O kadar yer gezdiniz. Hafızanızda kalan resim nereye ait?

Patagonya Kanalları muhteşemdi. Horn Burnu civarında kanallar var. Giriyorsun, karşında devasal bir buzul. Bilmem kaç bin metrelik bir dağ ve buzul denize kadar yüzüyor. Ondan sonra etrafta penguenler. Hâlâ oranın hayaliyle yaşıyoruz. Onunun dışında bu Polonez Adaları’nda atollerde epey köpekbalığı gördük. Hatta teknenin etrafı köpekbalığı kaynıyordu. Tehlikesiz olduğunu biliyorduk. Çünkü etraf balık doluydu. Karınları tok olduğu için bize saldırmazdı. Saldırmadılar da. Girdik onlarla beraber yüzdük. Enteresandı.

Şimdi ne yapmayı planlıyorsunuz? Yeni bir yolculuk var mı ufukta?

Tekrar bu hayat dönmek istiyoruz. Kutuplara ve kutuplar civarında insanın olmadığı, vahşi yaşamın olmadığı adalar var. Oralara gitmek istiyoruz. Oralarda denizaltıyla belgeseller ve kitaplar hazırlamak istiyoruz.

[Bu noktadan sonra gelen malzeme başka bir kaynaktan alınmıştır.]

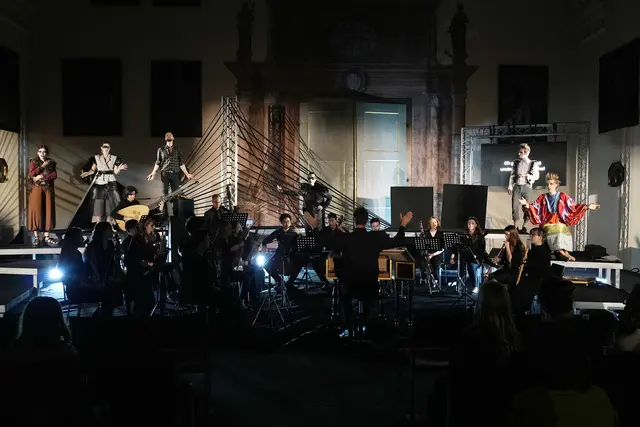 Links: Katharina Wegscheider (Euridice), Lena Obexer (Proserpina), Olivier Benoît (Orfeo)
Mitte: Tim Lehmann (Pluto)
Rechts: Sebastian Taschner (Aristeo), Antonia Ortner (Amor)
Vordergrund: Euridice Barockorchester der Anton Bruckner Privatuniversität (Leitung: Elisabeth
Wiesbauer), Erich Traxler (Musikalische Leitung) | Foto: Reinhard Winkler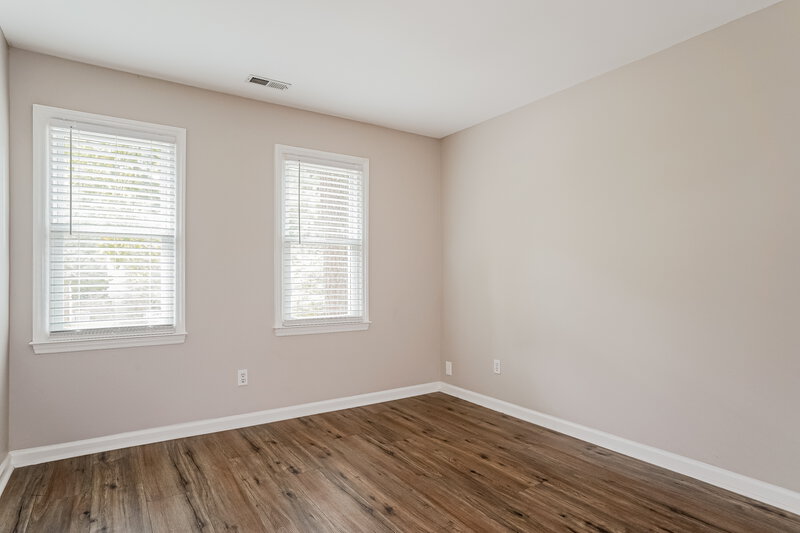 1,805/Mo, 100 Remington Woods Dr Wake Forest, NC 27587 Bedroom View 3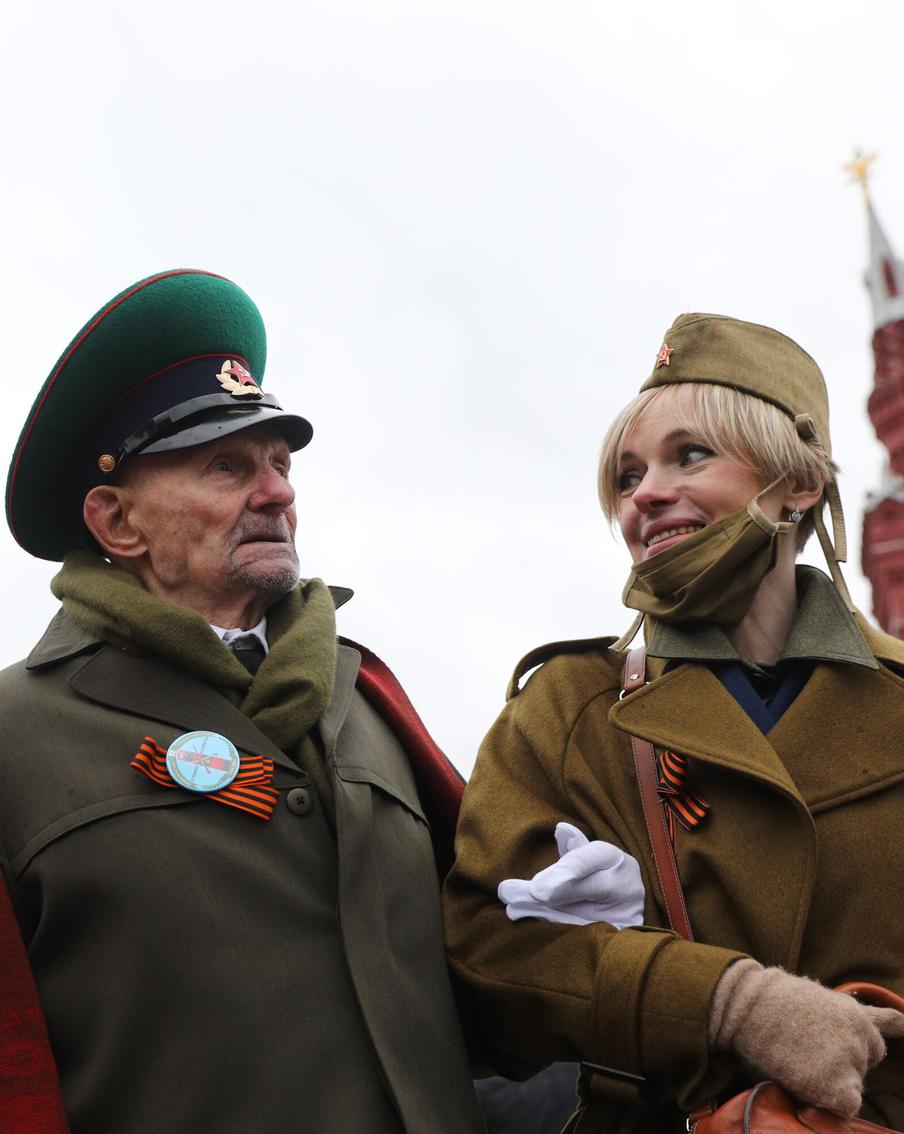 В Москве ко Дню Победы денежные выплаты получат около 50 тысяч ветеранов и тружеников тыла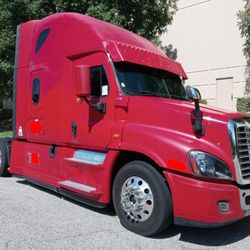 2018 Freightliner Cascadia Sleeper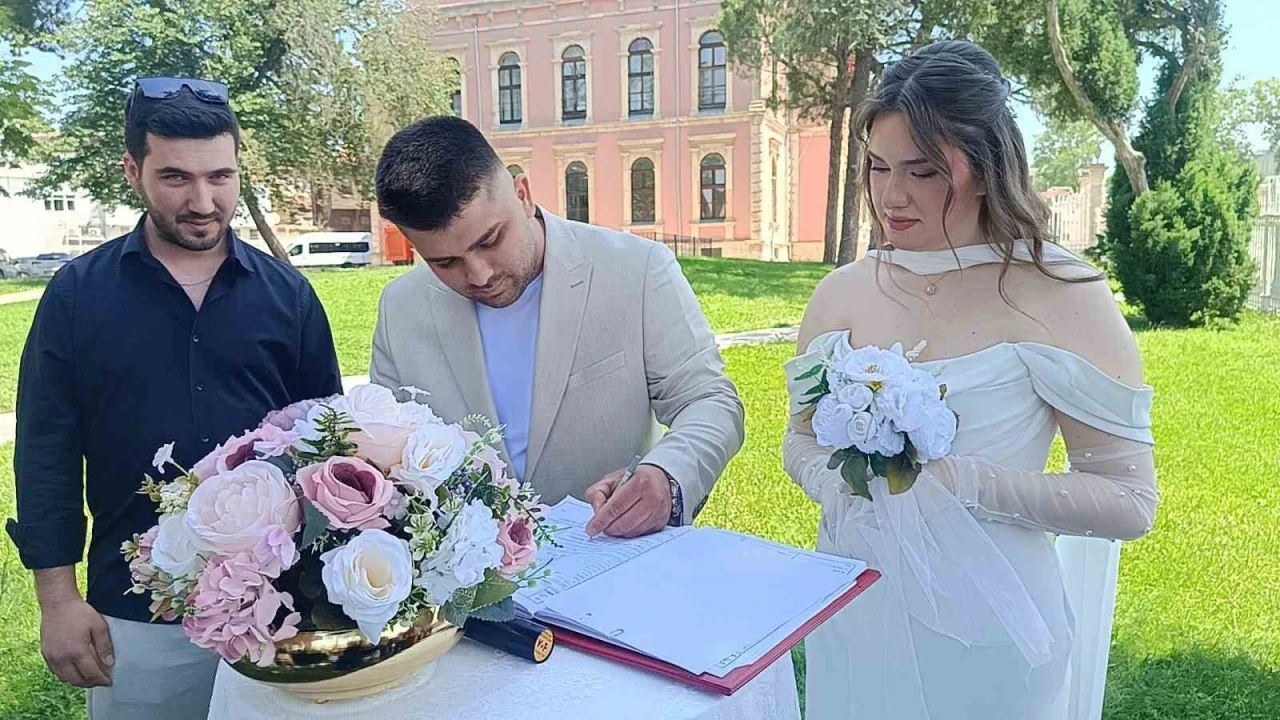 Edirne&rsquo;de 33 &ccedil;iftin mutluluğu aynı tarihte buluştu: Evlenmek i&ccedil;in 06.06.2026&rsquo;yı se&ccedil;tiler
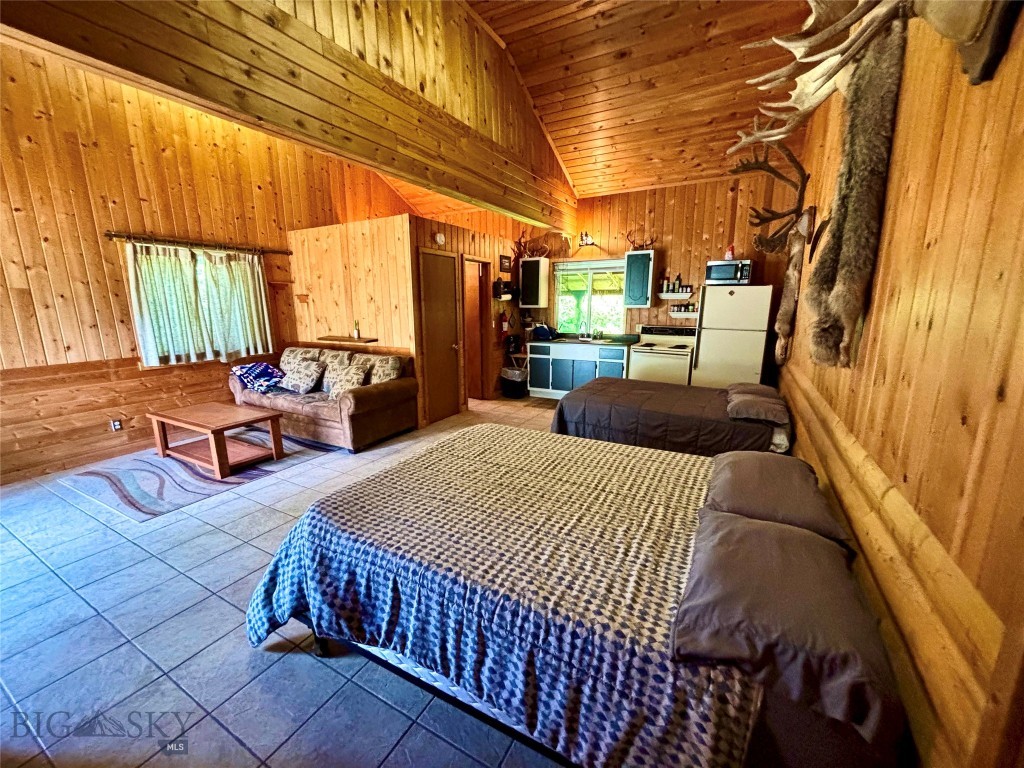 1484 River Road W Property Photo 82
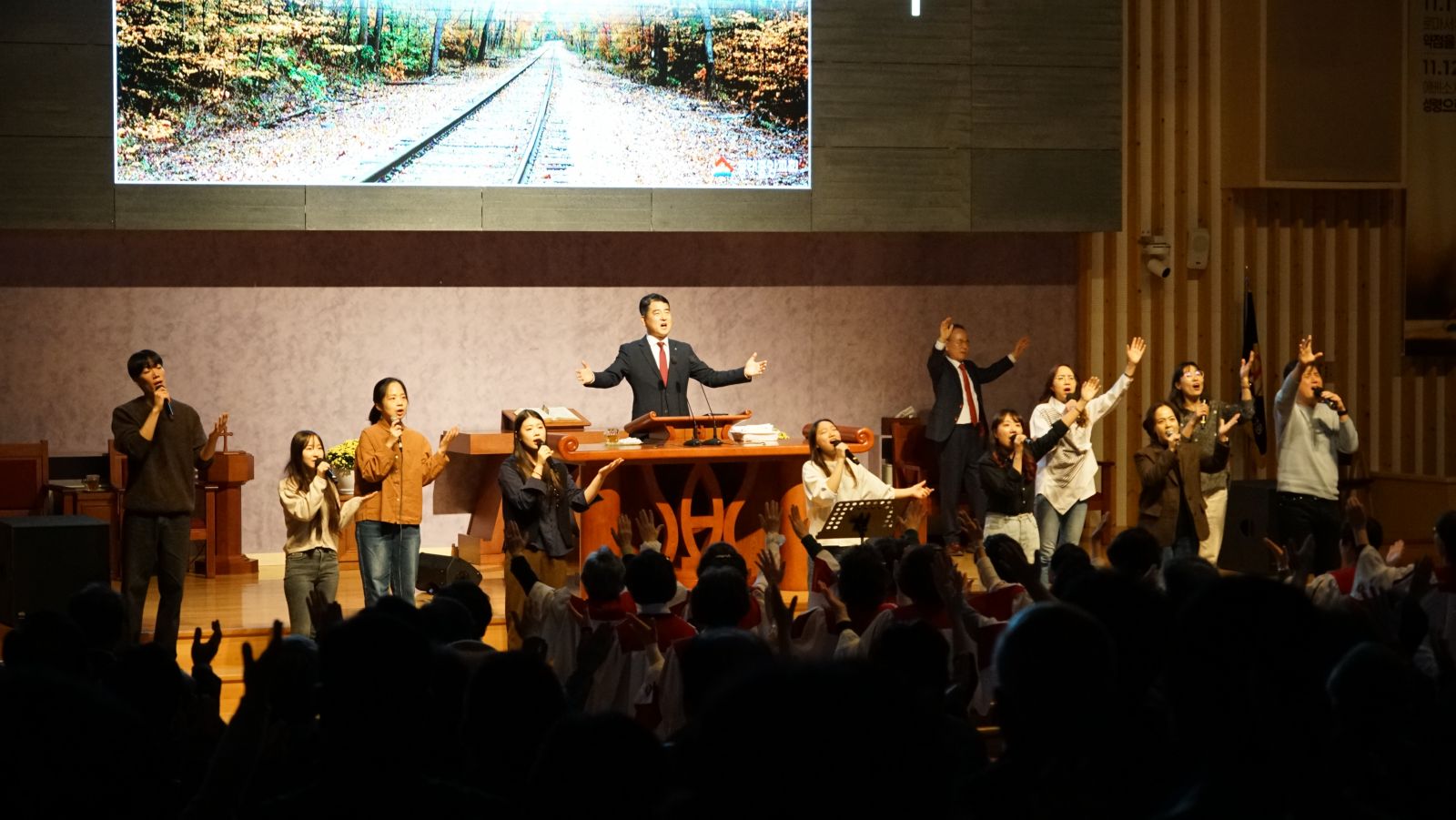 2025.11.12 R2 동래중앙 심령부흥회 3일차 (110).JPG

Hakan’ı görür görmez organlarım yer değiştirdi

Birbirimizi çok iyi anladığımızı düşünüyorum. Hakan bana saygı duyuyor. Beni dinliyor. Ona dokunmak hoşuma gidiyor. Onun yanındayken kendimi evimde hissediyorum. Ve hep onun yanında kalmak istiyorum. Onu gördüğümde bütün organlarımın yer değiştirdiğini hissettim. Görür görmez aradığım aşkın o olduğunu anladım. Ve hiç düşünmeden atladım tekneye...

Belçika’da yolcu gemilerinde fotoğrafçılık yapıyordum. İstanbul’da iki gün geçirdikten sonra Kuşadasına gitmiştik. Türkiye’yle ilgili hatırladığım tek şey bana tuhaf tuhaf bakan erkeklerdi. Bu yüzden iyi anılarım yoktu. Bana ”Sana çok iyi bir erkek arkadaş bulduk, Türk“ dediklerinde çekindim. Ama Hakan fikrimi değiştirdi.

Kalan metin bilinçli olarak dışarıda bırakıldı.